---------- GIVEN RECORDS ----------

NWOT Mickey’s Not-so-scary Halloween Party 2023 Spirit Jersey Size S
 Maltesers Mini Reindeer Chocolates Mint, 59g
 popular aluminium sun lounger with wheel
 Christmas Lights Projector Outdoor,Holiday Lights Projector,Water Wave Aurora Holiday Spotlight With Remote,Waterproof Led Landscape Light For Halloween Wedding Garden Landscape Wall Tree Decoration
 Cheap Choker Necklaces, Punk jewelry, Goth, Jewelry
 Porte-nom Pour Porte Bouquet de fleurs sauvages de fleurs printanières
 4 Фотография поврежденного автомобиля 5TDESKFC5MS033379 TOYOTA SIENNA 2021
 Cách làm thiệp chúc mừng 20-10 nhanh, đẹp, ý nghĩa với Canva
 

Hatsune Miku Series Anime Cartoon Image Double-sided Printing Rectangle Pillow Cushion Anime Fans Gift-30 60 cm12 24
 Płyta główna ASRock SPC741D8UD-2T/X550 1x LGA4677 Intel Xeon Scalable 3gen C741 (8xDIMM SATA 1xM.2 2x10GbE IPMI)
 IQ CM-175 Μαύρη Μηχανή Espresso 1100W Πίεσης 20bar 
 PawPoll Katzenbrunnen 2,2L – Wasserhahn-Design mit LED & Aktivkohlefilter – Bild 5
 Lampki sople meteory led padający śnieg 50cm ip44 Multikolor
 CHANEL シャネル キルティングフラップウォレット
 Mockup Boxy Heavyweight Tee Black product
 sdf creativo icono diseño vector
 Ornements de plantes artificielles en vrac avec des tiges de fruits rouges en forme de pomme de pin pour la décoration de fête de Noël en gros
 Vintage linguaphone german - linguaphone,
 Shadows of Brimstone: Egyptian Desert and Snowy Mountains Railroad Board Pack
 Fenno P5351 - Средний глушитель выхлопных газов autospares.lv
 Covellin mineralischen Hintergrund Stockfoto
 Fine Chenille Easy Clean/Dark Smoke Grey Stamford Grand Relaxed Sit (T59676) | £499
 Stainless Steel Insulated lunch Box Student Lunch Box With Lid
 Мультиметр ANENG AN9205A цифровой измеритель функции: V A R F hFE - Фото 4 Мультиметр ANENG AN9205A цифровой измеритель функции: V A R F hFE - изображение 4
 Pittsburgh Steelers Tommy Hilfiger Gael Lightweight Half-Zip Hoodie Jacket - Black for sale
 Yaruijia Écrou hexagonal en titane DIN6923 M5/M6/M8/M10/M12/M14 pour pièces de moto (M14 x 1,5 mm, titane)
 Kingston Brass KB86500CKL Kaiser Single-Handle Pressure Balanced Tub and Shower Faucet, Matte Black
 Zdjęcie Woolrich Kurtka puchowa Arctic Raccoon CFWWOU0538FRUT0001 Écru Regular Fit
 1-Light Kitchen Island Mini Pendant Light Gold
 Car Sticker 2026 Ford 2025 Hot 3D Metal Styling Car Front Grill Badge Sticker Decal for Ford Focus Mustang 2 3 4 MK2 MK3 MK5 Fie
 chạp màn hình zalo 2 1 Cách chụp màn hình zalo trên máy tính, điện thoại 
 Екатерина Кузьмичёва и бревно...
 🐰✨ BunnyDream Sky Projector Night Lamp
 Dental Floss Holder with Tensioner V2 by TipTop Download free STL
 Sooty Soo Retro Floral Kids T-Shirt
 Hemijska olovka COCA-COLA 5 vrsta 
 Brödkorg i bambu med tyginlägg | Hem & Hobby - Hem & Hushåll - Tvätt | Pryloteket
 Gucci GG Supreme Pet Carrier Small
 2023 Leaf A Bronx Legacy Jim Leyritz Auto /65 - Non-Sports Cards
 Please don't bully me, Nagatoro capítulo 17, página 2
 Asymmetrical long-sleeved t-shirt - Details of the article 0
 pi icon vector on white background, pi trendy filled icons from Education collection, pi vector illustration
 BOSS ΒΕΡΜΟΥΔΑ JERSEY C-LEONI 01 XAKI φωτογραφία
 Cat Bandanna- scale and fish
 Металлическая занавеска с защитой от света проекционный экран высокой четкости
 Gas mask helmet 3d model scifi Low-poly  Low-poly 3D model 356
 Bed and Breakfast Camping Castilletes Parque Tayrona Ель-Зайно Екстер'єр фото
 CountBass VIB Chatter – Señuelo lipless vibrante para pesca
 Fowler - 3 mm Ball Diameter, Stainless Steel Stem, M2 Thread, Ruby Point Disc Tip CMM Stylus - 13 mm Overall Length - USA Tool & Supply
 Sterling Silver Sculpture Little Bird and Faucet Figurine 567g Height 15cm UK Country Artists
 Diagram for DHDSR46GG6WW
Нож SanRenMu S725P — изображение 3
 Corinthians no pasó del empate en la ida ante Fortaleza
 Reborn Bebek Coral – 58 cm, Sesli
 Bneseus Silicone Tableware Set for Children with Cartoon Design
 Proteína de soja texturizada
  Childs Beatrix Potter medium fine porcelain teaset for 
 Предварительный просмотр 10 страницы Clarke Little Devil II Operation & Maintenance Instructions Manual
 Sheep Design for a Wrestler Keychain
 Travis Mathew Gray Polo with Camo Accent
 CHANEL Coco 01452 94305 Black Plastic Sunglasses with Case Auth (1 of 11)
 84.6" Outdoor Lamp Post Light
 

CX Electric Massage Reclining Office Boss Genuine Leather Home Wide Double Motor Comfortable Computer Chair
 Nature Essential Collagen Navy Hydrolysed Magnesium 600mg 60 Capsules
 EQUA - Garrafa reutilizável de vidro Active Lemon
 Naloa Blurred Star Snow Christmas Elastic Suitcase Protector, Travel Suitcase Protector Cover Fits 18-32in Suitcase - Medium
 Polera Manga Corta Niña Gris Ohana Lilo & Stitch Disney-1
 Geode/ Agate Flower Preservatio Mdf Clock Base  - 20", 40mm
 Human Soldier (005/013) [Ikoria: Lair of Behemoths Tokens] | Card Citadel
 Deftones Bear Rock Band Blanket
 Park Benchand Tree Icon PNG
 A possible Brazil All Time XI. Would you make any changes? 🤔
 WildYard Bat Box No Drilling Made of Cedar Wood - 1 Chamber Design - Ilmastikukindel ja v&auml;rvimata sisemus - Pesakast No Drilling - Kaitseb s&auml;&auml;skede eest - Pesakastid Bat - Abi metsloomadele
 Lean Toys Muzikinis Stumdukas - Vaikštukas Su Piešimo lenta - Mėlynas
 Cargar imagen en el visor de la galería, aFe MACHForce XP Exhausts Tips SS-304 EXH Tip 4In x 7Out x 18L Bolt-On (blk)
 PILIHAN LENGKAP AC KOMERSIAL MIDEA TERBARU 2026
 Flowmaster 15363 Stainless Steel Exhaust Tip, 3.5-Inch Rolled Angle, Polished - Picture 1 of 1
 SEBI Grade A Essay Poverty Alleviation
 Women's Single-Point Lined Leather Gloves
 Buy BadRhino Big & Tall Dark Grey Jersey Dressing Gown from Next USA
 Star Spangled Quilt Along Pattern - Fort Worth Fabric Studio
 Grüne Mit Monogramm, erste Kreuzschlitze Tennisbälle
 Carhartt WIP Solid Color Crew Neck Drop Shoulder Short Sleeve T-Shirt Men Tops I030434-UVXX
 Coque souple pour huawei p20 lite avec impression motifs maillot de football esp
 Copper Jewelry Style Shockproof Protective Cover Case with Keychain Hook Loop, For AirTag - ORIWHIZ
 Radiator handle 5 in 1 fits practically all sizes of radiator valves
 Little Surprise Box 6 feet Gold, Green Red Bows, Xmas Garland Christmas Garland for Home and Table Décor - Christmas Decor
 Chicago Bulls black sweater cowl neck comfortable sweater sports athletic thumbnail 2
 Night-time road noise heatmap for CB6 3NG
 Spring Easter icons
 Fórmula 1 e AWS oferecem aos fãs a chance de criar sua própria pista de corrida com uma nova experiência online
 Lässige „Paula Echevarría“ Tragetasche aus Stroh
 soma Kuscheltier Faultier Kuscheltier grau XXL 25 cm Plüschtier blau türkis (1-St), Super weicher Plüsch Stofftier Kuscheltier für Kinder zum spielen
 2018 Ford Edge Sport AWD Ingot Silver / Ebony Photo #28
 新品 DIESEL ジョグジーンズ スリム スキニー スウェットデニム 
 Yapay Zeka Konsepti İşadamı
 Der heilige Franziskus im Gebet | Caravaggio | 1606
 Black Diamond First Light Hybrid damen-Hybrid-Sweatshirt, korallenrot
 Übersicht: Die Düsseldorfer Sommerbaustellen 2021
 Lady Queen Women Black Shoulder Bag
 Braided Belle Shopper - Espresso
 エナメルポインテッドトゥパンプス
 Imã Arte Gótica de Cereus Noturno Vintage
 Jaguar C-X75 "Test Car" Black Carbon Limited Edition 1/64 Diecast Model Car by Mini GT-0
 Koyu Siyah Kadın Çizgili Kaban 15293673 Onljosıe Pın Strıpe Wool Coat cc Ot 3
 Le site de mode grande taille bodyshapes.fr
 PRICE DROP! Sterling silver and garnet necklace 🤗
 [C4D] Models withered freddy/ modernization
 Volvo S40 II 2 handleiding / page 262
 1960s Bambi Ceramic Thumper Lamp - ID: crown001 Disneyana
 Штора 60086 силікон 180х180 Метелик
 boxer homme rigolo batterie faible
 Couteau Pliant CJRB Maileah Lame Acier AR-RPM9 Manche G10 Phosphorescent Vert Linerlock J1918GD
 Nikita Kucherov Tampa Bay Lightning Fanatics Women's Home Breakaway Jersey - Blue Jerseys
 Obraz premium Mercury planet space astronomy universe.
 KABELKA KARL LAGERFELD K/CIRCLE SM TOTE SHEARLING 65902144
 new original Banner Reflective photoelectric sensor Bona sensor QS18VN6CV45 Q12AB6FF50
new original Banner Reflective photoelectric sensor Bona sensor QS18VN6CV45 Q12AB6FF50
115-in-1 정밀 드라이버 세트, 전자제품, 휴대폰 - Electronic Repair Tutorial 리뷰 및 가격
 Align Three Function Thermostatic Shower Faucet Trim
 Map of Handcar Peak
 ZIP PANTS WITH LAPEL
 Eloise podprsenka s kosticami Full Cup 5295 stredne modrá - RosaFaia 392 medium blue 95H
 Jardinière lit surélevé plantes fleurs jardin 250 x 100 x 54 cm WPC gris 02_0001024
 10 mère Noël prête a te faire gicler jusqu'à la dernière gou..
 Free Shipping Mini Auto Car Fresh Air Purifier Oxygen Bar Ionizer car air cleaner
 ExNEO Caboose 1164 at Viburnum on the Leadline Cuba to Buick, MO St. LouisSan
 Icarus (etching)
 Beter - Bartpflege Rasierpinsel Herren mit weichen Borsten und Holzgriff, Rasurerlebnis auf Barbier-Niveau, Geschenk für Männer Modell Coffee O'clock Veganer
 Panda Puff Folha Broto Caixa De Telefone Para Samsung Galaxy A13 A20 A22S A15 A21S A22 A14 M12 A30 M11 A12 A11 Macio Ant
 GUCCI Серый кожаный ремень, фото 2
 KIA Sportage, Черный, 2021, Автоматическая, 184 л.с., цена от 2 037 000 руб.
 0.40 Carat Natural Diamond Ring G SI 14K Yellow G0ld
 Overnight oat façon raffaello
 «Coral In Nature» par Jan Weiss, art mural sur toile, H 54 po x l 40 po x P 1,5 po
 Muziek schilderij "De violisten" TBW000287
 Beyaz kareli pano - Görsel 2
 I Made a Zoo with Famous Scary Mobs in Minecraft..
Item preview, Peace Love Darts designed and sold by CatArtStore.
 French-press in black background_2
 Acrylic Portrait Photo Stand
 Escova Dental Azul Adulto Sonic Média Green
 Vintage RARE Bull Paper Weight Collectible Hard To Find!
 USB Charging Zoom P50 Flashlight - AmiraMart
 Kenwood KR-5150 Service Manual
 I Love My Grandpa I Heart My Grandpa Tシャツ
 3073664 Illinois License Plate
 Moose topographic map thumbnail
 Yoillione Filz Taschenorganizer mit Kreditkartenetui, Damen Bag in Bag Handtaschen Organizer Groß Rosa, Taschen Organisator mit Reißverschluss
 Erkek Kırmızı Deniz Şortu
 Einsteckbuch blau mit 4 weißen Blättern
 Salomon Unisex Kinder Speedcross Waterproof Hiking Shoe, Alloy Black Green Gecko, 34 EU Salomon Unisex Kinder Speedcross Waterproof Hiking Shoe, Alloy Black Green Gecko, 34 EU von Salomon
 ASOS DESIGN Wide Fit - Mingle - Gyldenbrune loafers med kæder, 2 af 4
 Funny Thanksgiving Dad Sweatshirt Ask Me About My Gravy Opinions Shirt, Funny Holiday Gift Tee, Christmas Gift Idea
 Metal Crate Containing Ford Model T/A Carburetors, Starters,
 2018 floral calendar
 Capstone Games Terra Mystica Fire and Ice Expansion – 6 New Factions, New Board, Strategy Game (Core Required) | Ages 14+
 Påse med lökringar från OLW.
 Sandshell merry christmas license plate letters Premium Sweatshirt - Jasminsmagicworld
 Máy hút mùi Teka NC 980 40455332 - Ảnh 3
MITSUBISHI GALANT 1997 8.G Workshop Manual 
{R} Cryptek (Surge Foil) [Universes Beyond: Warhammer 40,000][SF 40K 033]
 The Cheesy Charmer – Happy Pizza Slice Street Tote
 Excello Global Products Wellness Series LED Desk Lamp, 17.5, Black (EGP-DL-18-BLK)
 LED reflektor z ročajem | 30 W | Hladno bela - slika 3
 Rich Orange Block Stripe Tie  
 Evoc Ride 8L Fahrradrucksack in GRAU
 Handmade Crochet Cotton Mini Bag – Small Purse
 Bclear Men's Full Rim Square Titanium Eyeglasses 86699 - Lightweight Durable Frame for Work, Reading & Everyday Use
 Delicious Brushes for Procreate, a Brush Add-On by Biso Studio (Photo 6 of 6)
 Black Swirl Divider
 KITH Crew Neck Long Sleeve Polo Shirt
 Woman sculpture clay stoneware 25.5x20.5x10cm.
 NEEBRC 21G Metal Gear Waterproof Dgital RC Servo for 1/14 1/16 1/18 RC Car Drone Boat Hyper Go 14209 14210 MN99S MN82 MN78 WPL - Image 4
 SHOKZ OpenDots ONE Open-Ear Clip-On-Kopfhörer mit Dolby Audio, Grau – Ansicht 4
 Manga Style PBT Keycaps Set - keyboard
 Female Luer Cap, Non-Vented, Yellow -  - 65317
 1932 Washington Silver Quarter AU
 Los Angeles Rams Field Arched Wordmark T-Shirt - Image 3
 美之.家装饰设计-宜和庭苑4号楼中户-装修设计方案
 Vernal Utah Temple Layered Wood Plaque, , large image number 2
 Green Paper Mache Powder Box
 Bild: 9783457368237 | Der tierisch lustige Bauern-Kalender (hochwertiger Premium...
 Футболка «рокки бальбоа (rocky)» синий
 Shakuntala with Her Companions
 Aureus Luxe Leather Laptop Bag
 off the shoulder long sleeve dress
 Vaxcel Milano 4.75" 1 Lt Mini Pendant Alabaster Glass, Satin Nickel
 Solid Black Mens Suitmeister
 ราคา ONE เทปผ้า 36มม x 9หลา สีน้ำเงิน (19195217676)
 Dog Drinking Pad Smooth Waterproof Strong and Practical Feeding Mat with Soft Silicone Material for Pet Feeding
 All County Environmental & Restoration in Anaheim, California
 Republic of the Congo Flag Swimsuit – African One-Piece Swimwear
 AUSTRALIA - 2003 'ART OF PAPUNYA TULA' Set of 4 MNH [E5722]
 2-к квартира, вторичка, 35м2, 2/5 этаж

----------

# PROBLEM STATEMENT
Working through the records, find each line containing the word "photoelectric" and copy it.

# RESPONSE BELOW
 new original Banner Reflective photoelectric sensor Bona sensor QS18VN6CV45 Q12AB6FF50
new original Banner Reflective photoelectric sensor Bona sensor QS18VN6CV45 Q12AB6FF50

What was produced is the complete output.